Knoxville's Dry Season for Classical Music

“School’s Out” was a big hit for Alice Cooper in 1972, and has since become an iconic statement of euphoria for a summer with little to offer except a few mindless pleasures. Unfortunately, though, the song’s anthemic refrain—“School’s out for summer”—has also become something of a metaphor for Knoxville’s own classical, post-classical, opera, and music theater scene, which in recent years has mostly evaporated with the last concerts of May, leaving area music professionals, music and theater students, and local audiences with little to do or experience until the fall rolls around. For a city the size of Knoxville that contains exceptional music organizations and educational institutions, the dearth of summer music seems a little odd, a little wasteful, and more than a little disappointing.

It hasn’t always been quite so bleak. Knoxville Opera often offered a July production until 2000. The University of Tennessee’s Clarence Brown and Carousel theatres have historically had summer seasons. In the 1960s, UT inherited a 2,500-seat outdoor amphitheater outside of Gatlinburg that had originally been constructed for the historical drama Chucky Jack, based on the life of John Sevier. Operated through 1977 mostly under the auspices of the UT theater department, Hunter Hills Theatre offered a repertory schedule of musicals and plays from June to September as both an entertainment draw for summer tourists and as a professional training ground for music and theater students. (In the spirit of full disclosure, I confess I was one of those lucky students for a number of seasons.)

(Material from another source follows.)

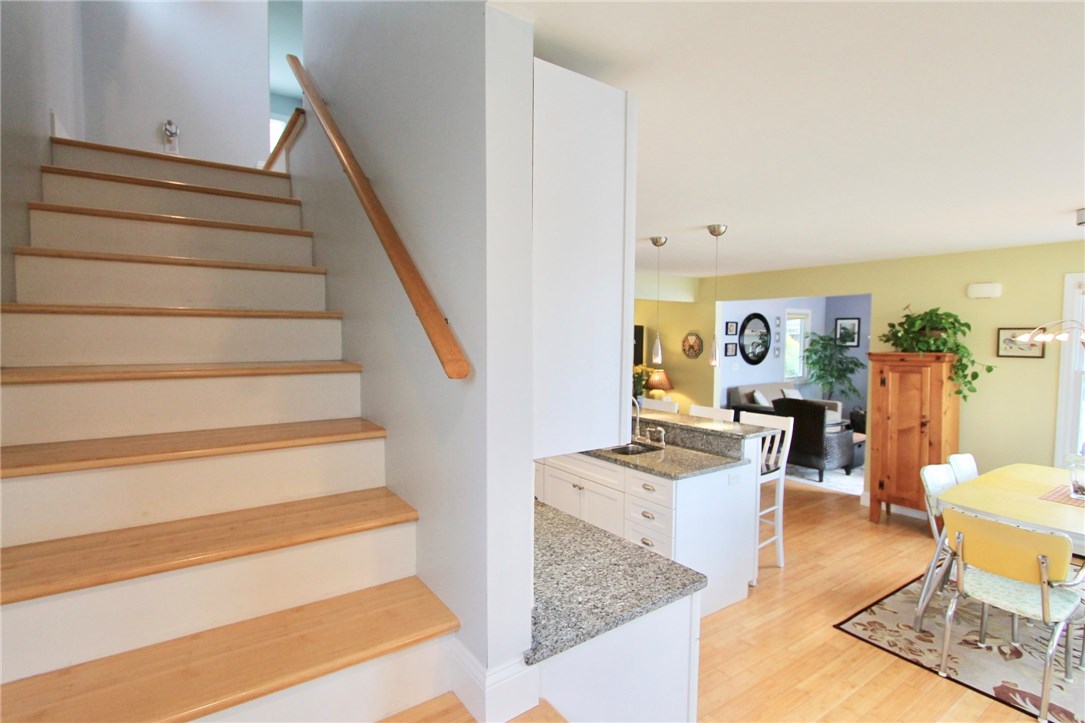 174 Riverside Street Portsmouth, RI 02871 - Photo 22 of 40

In general, the success of summer programs seems to have more to do with good ideas and organizational willingness and perseverance than it does with geography or population. The recent summer issue of Listen magazine listed 150 or so summer music festivals, summer opera and musical theater travel destinations, and urban music series scattered about the United States. Among these—and certainly notable for their longevity and diversity of programs—are Santa Fe Opera, Central City Opera in Colorado, Mostly Mozart and the Caramoor Festival in the New York City area, Tanglewood in the Berkshires, Glimmerglass Opera in Cooperstown, N.Y., the Ravinia Festival in Chicago, and the Oregon Bach Festival in Eugene, Ore. Closer to home, the small, quaint town of Brevard, N.C., hosts the Brevard Music Center, a well-respected summer training institute and music festival. Sadly, though, none of the 150 on the list were in the state of Tennessee.

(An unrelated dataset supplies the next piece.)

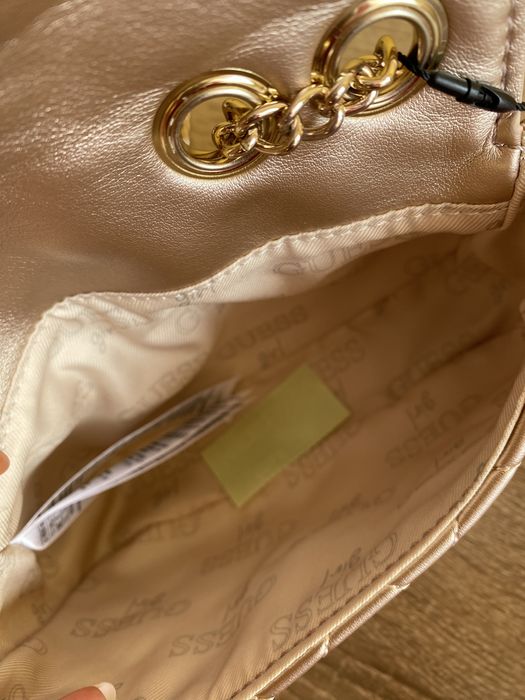 Оригинална нова чантичка Guess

When asked directly, almost everyone responds that Knoxville needs summer music events of some kind. Unfortunately, few are able or willing to dive into the deep end of programming logistics, funding, and marketing that is required to get a program going. There have been a number of enthusiastic efforts, however, mostly on the training side. The 2011 Oak Ridge Summer Conservatory, under the auspices of the Oak Ridge Youth Symphony Orchestras, opens on July 11 and offers pre-college music students a week’s worth of specialized training.

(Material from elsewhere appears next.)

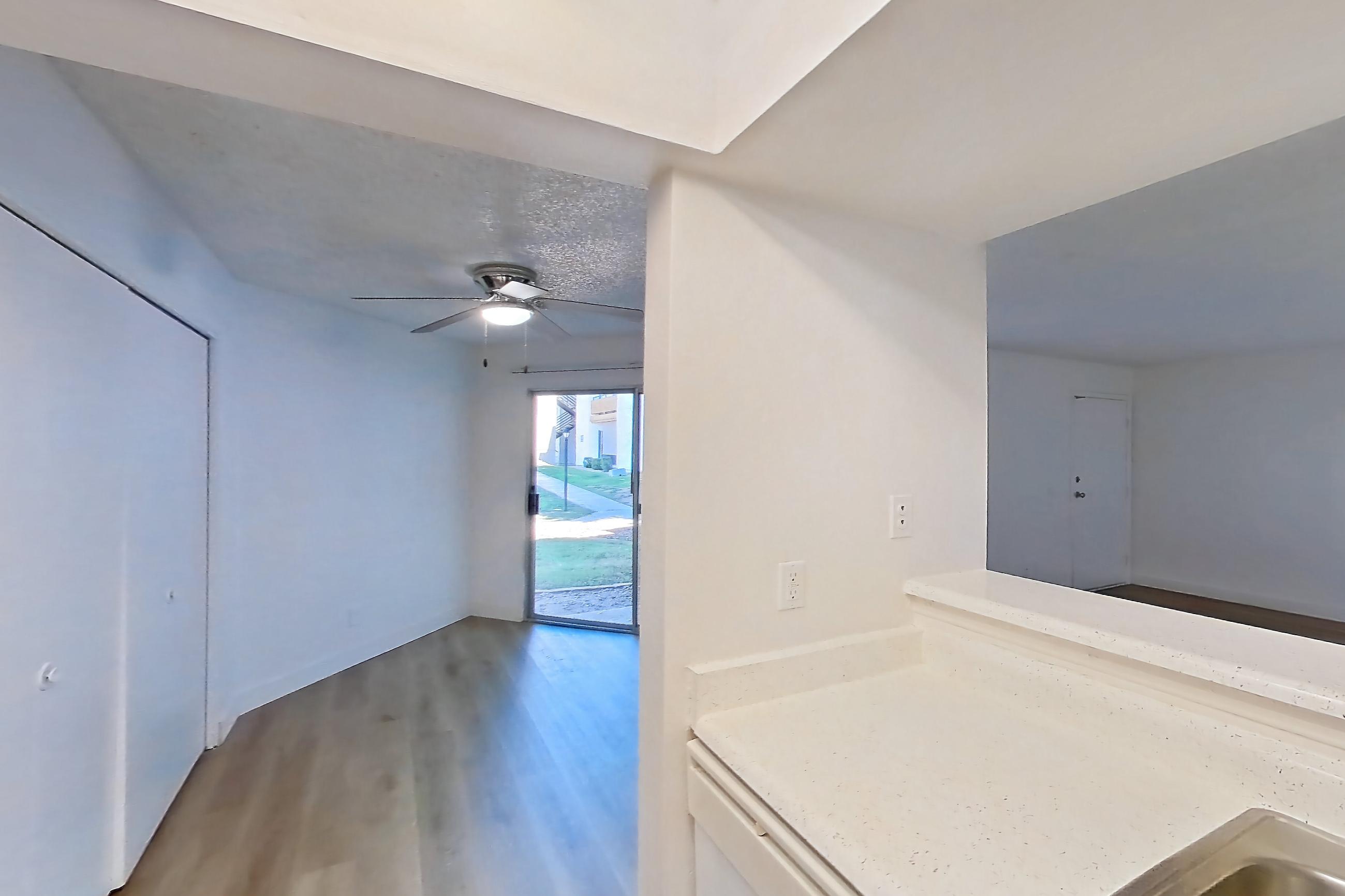 Kitchen in Apartment 1088 at Meadow Glen, 2B floor plan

In Knoxville, the UT Summer Opera Workshop has just completed its two weeks of operation, in which 17 UT music students, running the gamut of age and stage experience, tackled leading roles in six operatic scenes, culminating in a performance last weekend. Performers ranged from first-year undergrads to seasoned second-year graduate students such as Ryland Pope, Seth Maples, and Maria Natale, who have all performed roles with UT Opera Theatre and Knoxville Opera and are beginning professional careers. Andrew Wentzel, the coordinator of the voice area of the UT School of Music, offered his hope that this could be the exciting beginning of an ongoing program. Given the truly impressive levels of theatrical stage presence exhibited by the workshop participants, I fully concur with his optimism.

Clearly, a summer music series or festival could have substantial business and public relations benefits for the city itself, as well as to performers and their audiences. The models of financially successful and popular programs—the combined professional/apprentice program of Santa Fe Opera, the small-town charm of the Glimmerglass Opera or Brevard Music Festival, the celebrity-driven L.A. Philharmonic program at the Hollywood Bowl, or the international diversity of the Caramoor Festival in Katonah, N.Y.—offer tantalizing examples of what could be if we decide to add a little music to our summer lives once again.